** What is required **
Here are some entries. Print them exactly as they are.

══ Excerpted data

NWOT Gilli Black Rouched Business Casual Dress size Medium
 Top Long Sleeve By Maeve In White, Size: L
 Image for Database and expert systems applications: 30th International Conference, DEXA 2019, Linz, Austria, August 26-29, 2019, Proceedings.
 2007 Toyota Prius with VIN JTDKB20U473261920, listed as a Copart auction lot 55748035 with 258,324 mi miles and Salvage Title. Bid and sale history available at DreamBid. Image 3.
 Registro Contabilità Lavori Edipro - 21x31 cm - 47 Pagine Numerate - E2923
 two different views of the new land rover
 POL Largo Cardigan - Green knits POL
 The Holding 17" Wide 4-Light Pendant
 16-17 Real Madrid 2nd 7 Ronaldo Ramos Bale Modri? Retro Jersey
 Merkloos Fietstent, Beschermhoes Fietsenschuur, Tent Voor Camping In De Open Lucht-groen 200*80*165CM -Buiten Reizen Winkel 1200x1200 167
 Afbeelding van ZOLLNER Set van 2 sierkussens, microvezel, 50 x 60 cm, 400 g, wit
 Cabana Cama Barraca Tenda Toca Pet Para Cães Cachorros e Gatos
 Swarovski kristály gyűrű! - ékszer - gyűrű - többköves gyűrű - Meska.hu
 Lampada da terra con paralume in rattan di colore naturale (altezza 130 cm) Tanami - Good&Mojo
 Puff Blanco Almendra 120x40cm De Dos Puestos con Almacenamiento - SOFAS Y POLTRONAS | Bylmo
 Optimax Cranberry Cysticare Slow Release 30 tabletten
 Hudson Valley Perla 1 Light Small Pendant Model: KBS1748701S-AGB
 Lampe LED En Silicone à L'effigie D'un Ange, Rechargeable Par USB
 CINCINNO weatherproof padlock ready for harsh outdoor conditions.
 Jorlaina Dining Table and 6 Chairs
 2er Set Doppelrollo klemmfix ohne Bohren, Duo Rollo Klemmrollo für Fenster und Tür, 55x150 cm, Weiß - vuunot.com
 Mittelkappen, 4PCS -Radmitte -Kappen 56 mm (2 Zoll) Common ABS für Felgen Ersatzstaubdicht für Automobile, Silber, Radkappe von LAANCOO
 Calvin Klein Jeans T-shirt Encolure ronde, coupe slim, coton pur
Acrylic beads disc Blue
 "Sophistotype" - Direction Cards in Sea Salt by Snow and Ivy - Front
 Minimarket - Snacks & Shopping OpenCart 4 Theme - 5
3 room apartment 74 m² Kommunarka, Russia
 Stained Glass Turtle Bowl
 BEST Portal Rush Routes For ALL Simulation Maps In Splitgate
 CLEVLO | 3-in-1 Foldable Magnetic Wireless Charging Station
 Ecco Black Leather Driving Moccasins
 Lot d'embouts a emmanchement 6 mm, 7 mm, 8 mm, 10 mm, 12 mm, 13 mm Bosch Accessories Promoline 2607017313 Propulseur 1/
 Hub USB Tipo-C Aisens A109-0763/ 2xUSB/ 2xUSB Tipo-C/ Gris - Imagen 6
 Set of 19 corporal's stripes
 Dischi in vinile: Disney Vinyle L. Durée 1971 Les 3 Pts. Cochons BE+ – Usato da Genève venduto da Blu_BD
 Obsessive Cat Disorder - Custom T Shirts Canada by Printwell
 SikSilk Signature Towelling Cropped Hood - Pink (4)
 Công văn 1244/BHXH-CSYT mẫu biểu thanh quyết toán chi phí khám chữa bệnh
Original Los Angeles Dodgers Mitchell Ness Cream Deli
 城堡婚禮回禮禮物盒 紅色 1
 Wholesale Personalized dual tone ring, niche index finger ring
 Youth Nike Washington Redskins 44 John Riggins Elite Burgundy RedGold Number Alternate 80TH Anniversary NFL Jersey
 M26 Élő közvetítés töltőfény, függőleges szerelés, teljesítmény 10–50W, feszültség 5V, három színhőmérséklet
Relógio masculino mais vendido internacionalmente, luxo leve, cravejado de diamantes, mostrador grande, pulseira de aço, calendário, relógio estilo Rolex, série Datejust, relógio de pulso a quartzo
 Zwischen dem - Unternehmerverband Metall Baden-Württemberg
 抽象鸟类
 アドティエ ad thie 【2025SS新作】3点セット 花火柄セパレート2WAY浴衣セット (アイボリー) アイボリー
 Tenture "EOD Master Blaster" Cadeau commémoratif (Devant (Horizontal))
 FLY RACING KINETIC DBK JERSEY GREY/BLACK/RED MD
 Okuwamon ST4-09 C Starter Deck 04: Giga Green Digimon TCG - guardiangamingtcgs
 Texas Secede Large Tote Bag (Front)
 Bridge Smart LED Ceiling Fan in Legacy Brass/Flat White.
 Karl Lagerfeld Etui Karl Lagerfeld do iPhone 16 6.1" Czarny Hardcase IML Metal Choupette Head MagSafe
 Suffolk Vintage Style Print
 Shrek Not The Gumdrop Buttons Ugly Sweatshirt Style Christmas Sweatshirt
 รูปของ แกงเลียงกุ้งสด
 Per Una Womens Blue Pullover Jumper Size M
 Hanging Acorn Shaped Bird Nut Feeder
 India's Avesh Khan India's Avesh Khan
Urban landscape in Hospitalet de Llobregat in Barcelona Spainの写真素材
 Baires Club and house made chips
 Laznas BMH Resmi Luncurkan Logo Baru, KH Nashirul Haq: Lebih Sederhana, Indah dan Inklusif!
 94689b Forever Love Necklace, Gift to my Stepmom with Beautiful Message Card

════

** Answer for this exercise **
NWOT Gilli Black Rouched Business Casual Dress size Medium
 Top Long Sleeve By Maeve In White, Size: L
 Image for Database and expert systems applications: 30th International Conference, DEXA 2019, Linz, Austria, August 26-29, 2019, Proceedings.
 2007 Toyota Prius with VIN JTDKB20U473261920, listed as a Copart auction lot 55748035 with 258,324 mi miles and Salvage Title. Bid and sale history available at DreamBid. Image 3.
 Registro Contabilità Lavori Edipro - 21x31 cm - 47 Pagine Numerate - E2923
 two different views of the new land rover
 POL Largo Cardigan - Green knits POL
 The Holding 17" Wide 4-Light Pendant
 16-17 Real Madrid 2nd 7 Ronaldo Ramos Bale Modri? Retro Jersey
 Merkloos Fietstent, Beschermhoes Fietsenschuur, Tent Voor Camping In De Open Lucht-groen 200*80*165CM -Buiten Reizen Winkel 1200x1200 167
 Afbeelding van ZOLLNER Set van 2 sierkussens, microvezel, 50 x 60 cm, 400 g, wit
 Cabana Cama Barraca Tenda Toca Pet Para Cães Cachorros e Gatos
 Swarovski kristály gyűrű! - ékszer - gyűrű - többköves gyűrű - Meska.hu
 Lampada da terra con paralume in rattan di colore naturale (altezza 130 cm) Tanami - Good&Mojo
 Puff Blanco Almendra 120x40cm De Dos Puestos con Almacenamiento - SOFAS Y POLTRONAS | Bylmo
 Optimax Cranberry Cysticare Slow Release 30 tabletten
 Hudson Valley Perla 1 Light Small Pendant Model: KBS1748701S-AGB
 Lampe LED En Silicone à L'effigie D'un Ange, Rechargeable Par USB
 CINCINNO weatherproof padlock ready for harsh outdoor conditions.
 Jorlaina Dining Table and 6 Chairs
 2er Set Doppelrollo klemmfix ohne Bohren, Duo Rollo Klemmrollo für Fenster und Tür, 55x150 cm, Weiß - vuunot.com
 Mittelkappen, 4PCS -Radmitte -Kappen 56 mm (2 Zoll) Common ABS für Felgen Ersatzstaubdicht für Automobile, Silber, Radkappe von LAANCOO
 Calvin Klein Jeans T-shirt Encolure ronde, coupe slim, coton pur
Acrylic beads disc Blue
 "Sophistotype" - Direction Cards in Sea Salt by Snow and Ivy - Front
 Minimarket - Snacks & Shopping OpenCart 4 Theme - 5
3 room apartment 74 m² Kommunarka, Russia
 Stained Glass Turtle Bowl
 BEST Portal Rush Routes For ALL Simulation Maps In Splitgate
 CLEVLO | 3-in-1 Foldable Magnetic Wireless Charging Station
 Ecco Black Leather Driving Moccasins
 Lot d'embouts a emmanchement 6 mm, 7 mm, 8 mm, 10 mm, 12 mm, 13 mm Bosch Accessories Promoline 2607017313 Propulseur 1/
 Hub USB Tipo-C Aisens A109-0763/ 2xUSB/ 2xUSB Tipo-C/ Gris - Imagen 6
 Set of 19 corporal's stripes
 Dischi in vinile: Disney Vinyle L. Durée 1971 Les 3 Pts. Cochons BE+ – Usato da Genève venduto da Blu_BD
 Obsessive Cat Disorder - Custom T Shirts Canada by Printwell
 SikSilk Signature Towelling Cropped Hood - Pink (4)
 Công văn 1244/BHXH-CSYT mẫu biểu thanh quyết toán chi phí khám chữa bệnh
Original Los Angeles Dodgers Mitchell Ness Cream Deli
 城堡婚禮回禮禮物盒 紅色 1
 Wholesale Personalized dual tone ring, niche index finger ring
 Youth Nike Washington Redskins 44 John Riggins Elite Burgundy RedGold Number Alternate 80TH Anniversary NFL Jersey
 M26 Élő közvetítés töltőfény, függőleges szerelés, teljesítmény 10–50W, feszültség 5V, három színhőmérséklet
Relógio masculino mais vendido internacionalmente, luxo leve, cravejado de diamantes, mostrador grande, pulseira de aço, calendário, relógio estilo Rolex, série Datejust, relógio de pulso a quartzo
 Zwischen dem - Unternehmerverband Metall Baden-Württemberg
 抽象鸟类
 アドティエ ad thie 【2025SS新作】3点セット 花火柄セパレート2WAY浴衣セット (アイボリー) アイボリー
 Tenture "EOD Master Blaster" Cadeau commémoratif (Devant (Horizontal))
 FLY RACING KINETIC DBK JERSEY GREY/BLACK/RED MD
 Okuwamon ST4-09 C Starter Deck 04: Giga Green Digimon TCG - guardiangamingtcgs
 Texas Secede Large Tote Bag (Front)
 Bridge Smart LED Ceiling Fan in Legacy Brass/Flat White.
 Karl Lagerfeld Etui Karl Lagerfeld do iPhone 16 6.1" Czarny Hardcase IML Metal Choupette Head MagSafe
 Suffolk Vintage Style Print
 Shrek Not The Gumdrop Buttons Ugly Sweatshirt Style Christmas Sweatshirt
 รูปของ แกงเลียงกุ้งสด
 Per Una Womens Blue Pullover Jumper Size M
 Hanging Acorn Shaped Bird Nut Feeder
 India's Avesh Khan India's Avesh Khan
Urban landscape in Hospitalet de Llobregat in Barcelona Spainの写真素材
 Baires Club and house made chips
 Laznas BMH Resmi Luncurkan Logo Baru, KH Nashirul Haq: Lebih Sederhana, Indah dan Inklusif!
 94689b Forever Love Necklace, Gift to my Stepmom with Beautiful Message Card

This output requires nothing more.